* **ACTIVITY**: Only the records, exactly as written, belong in the answer; pictures do not.

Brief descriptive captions
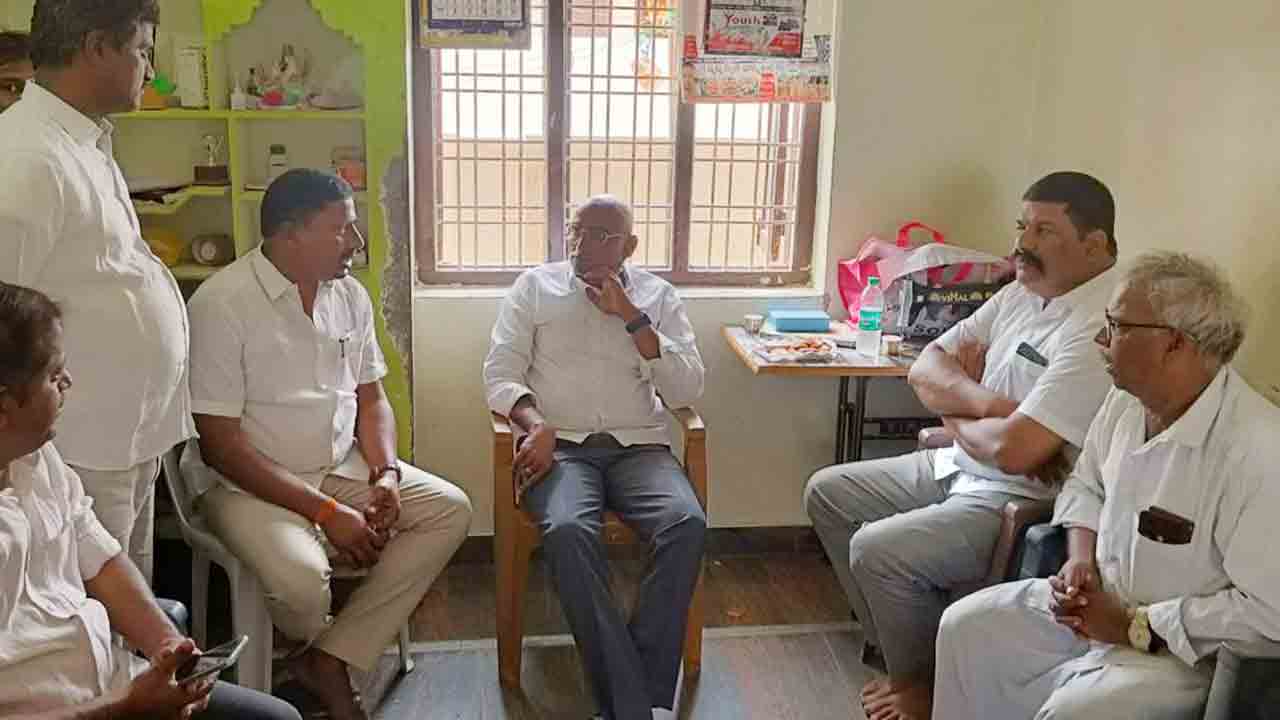 కలిసికట్టుగా పనిచేయాలి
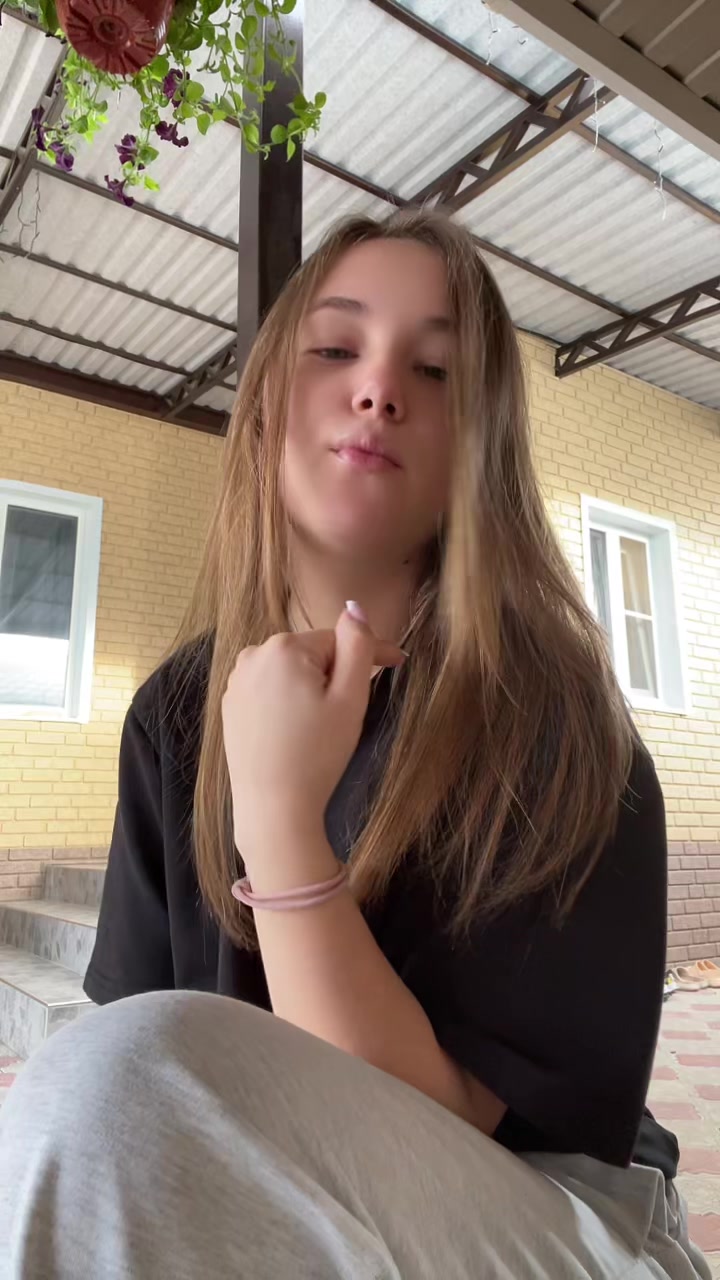 @V🪬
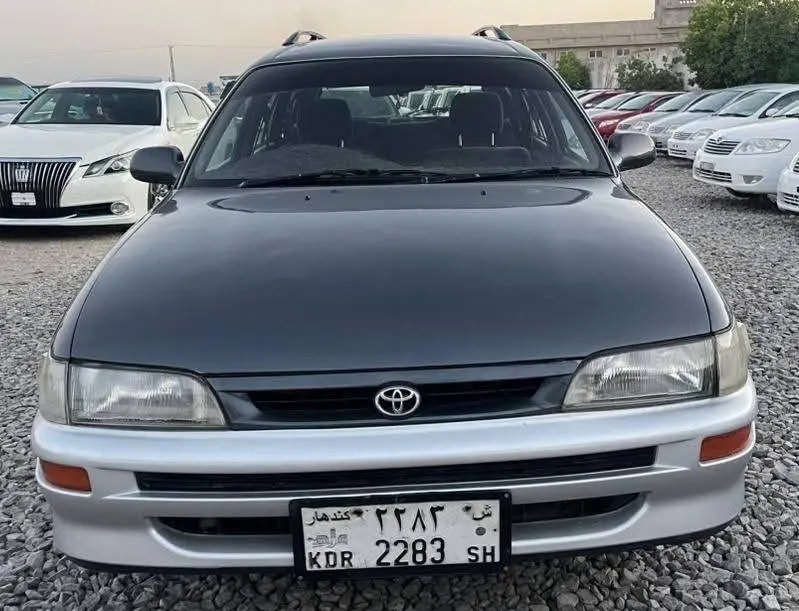 Toyota Fielder 2000 (2)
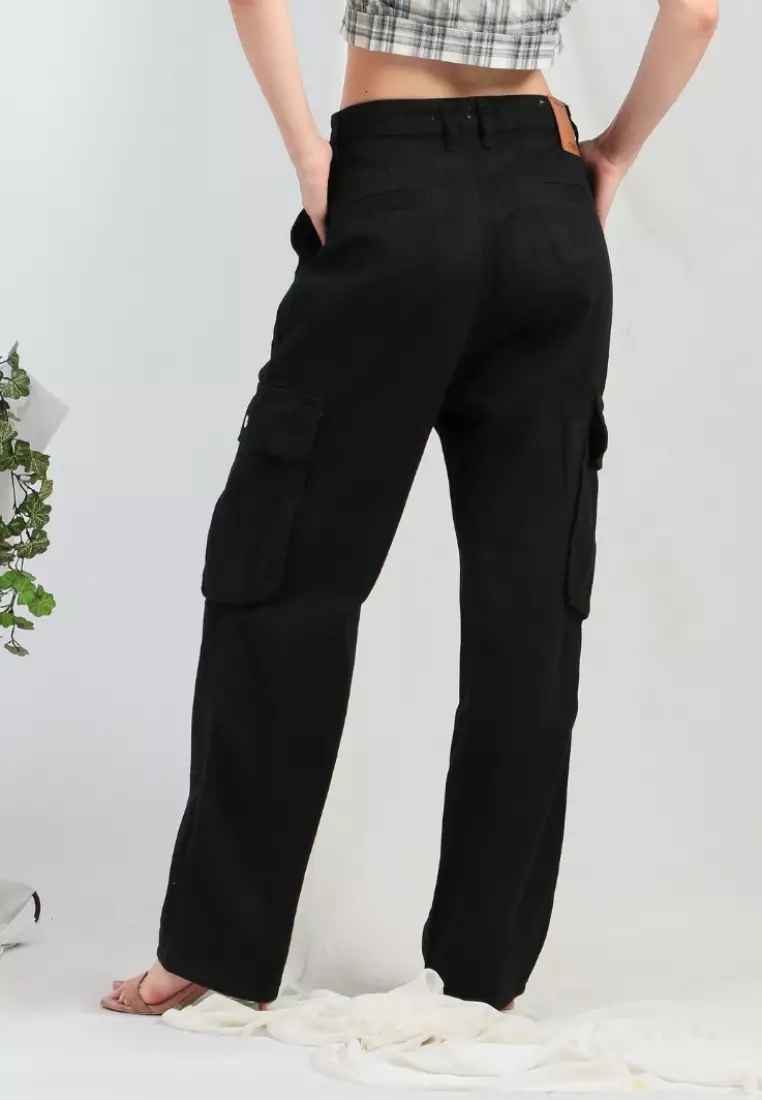 Leonar Cargo Jeans in Black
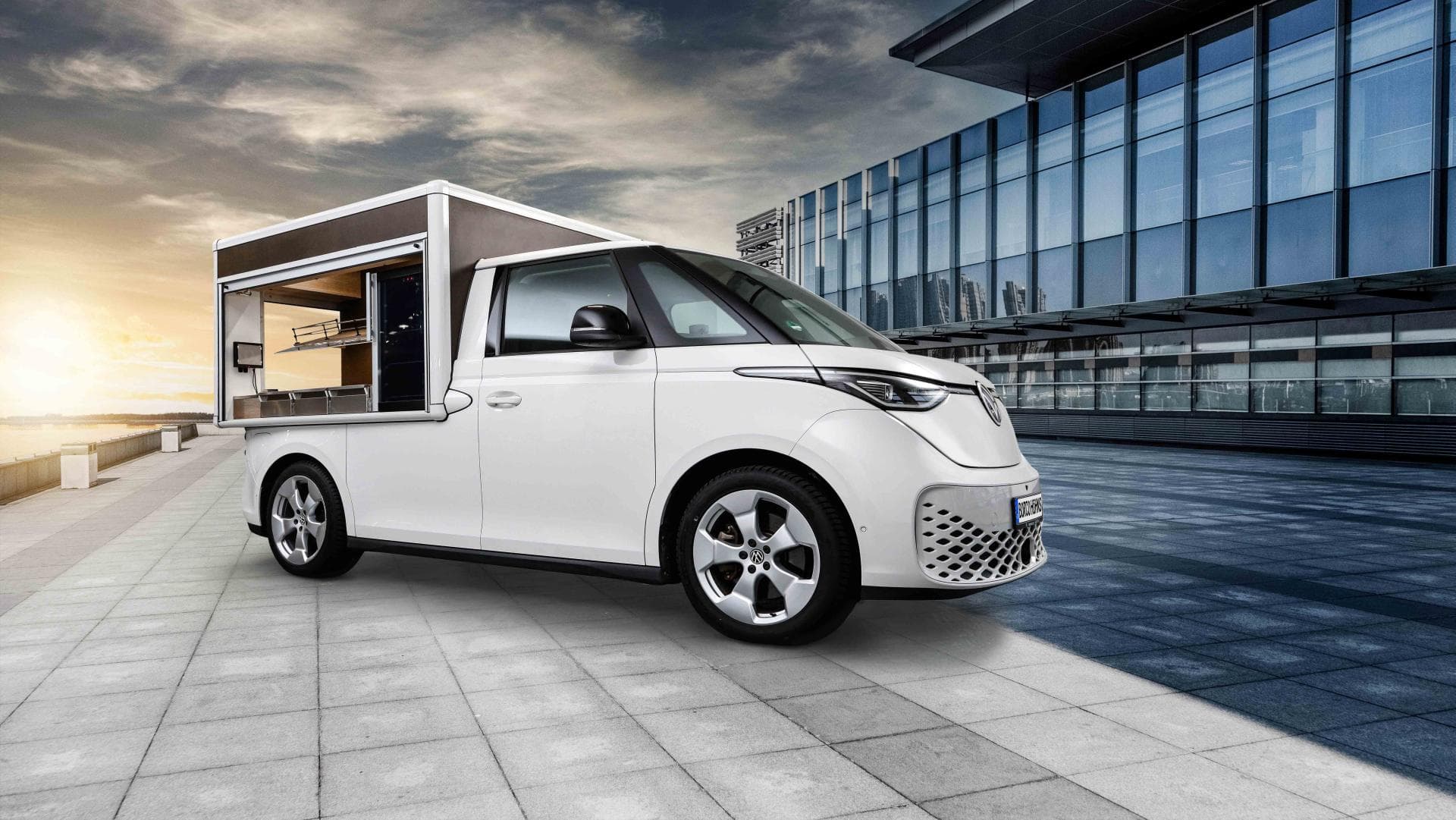 Cover Image for VW ID.Buzz als Foodtruck auf VW Werksgelände unterwegs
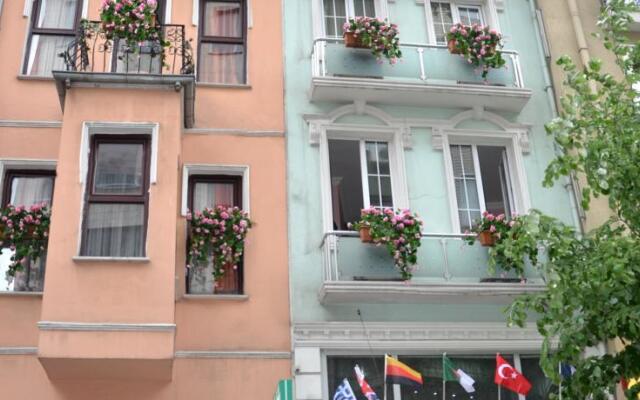Antik Ipek Hotel вид на фасад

* **RESULT OF THE TASK**:
 కలిసికట్టుగా పనిచేయాలి
 @V🪬
 Toyota Fielder 2000 (2)
 Leonar Cargo Jeans in Black
 Cover Image for VW ID.Buzz als Foodtruck auf VW Werksgelände unterwegs
Antik Ipek Hotel вид на фасад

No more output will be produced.